メンバーですが、テディ・コティック(ベース)、ニック・スタビュラス(ドラム)の2人はジョージ・ウォーリントンのグループで一緒だった面々。となるとトランペットにドナルド・バードあたりが入って来るのが自然な気がしますが、意表を突いてレイ・コープランドが起用されています。たまたまバードが都合悪かったのか、それとも何か意図があったのかはわかりません。コープランドはお世辞にもメジャーとは言えませんが、セロニアス・モンクの「モンクス・ミュージック」等に参加しているので熱心なジャズファンなら名前ぐらいは知っているはず。さらに注目すべきはピアノのレッド・ガーランド。当時マイルス・デイヴィス・クインテットのピアニストとして名を上げ、自身のリーダー作も続々と発表するなどスタープレイヤーとして活躍していたガーランドの参加は作品のクオリティを一段上げています。

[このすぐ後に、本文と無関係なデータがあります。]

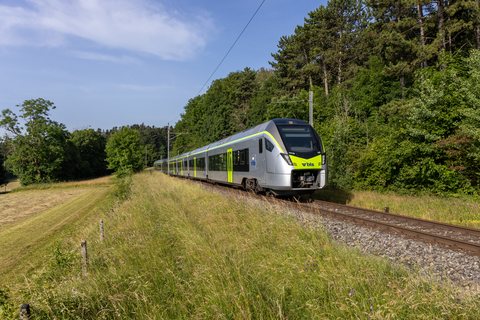 BLS RABe 528 113 (Les Geneveys-sur-Coffrane, NE,CH)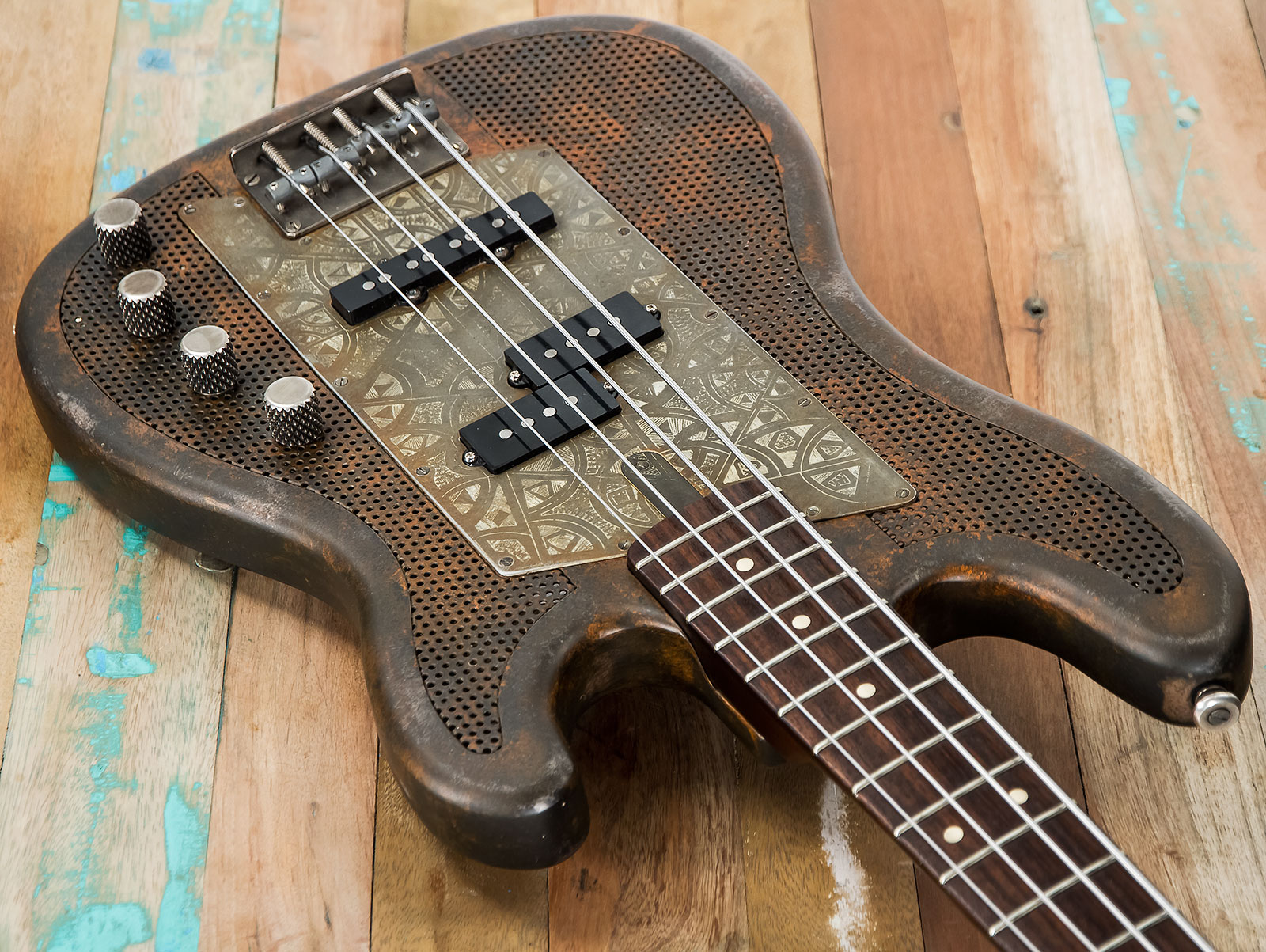 James Trussart Steelcaster Bass Perforated Active Pf #19045 - Rust O Matic African Engraved - Basse Électrique Solid Body - Variation 2
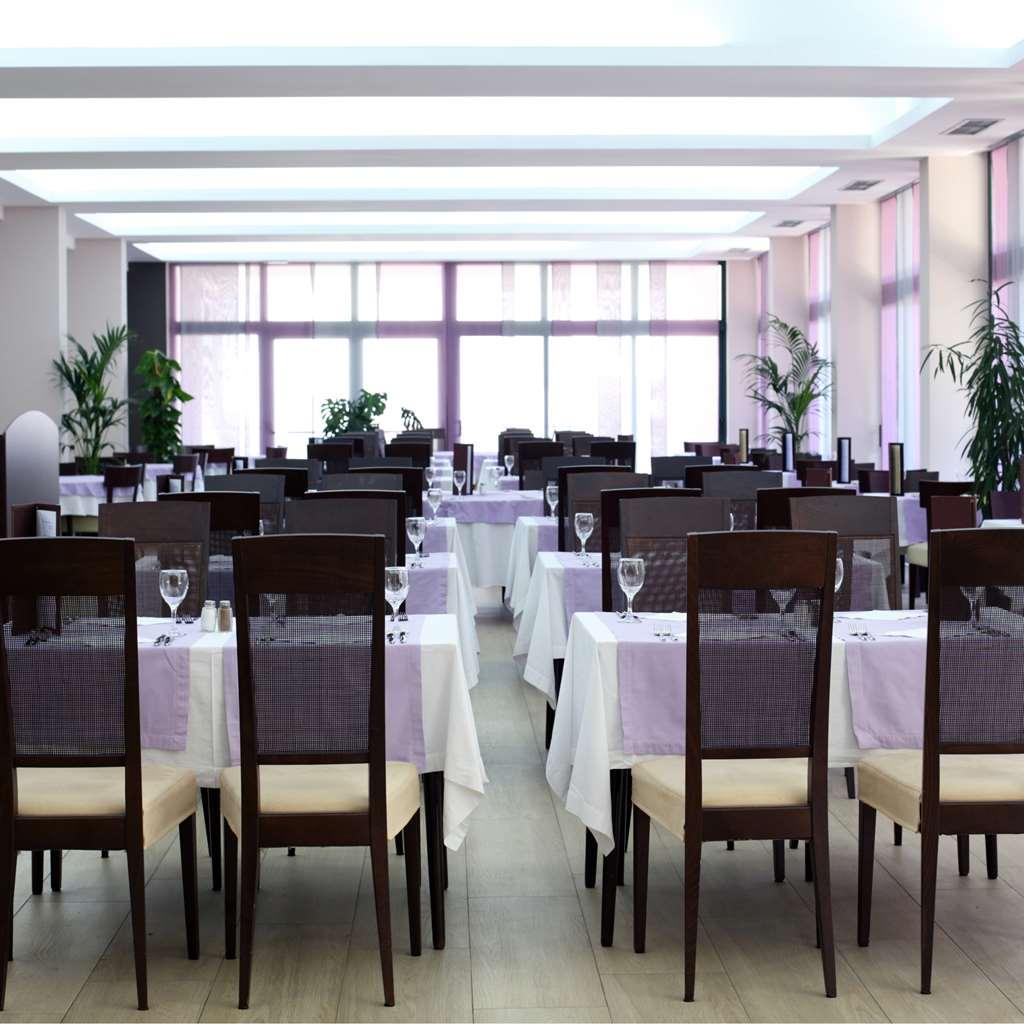 Aminess Vival Casa Velaris Hotel Supetar Restoran gambar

演奏内容ですか、まずは3曲のパーカーナンバー"Au Privave""Steeplechase""Scrapple From The Apple"に触れないわけにはいきません。どの曲もウッズのアドリブは絶好調で、パーカーの後継者は俺だ!と言わんばかりです。一方、コープランドのトランペットは乾いた音色のややオールドスタイルな印象。ガーランドは華麗なピアノソロでセッションを盛り立てますが、得意のブロックコードは多用せずやや控え目な気も。ウッズのオリジナル曲もなかなか良いです。"Last Fling"はミディアムテンポの叙情的なナンバーでウッズはもちろんのこと中盤のガーランドのソロが見事。"Green Pines"は何となくスタンダードの"Like Someone In Love"に似た曲調。コープランドはここではミュートトランペットを吹いています。よくわからない謎のジャケット(荒野?)だけはいただけませんが、内容は上質のハードバップです。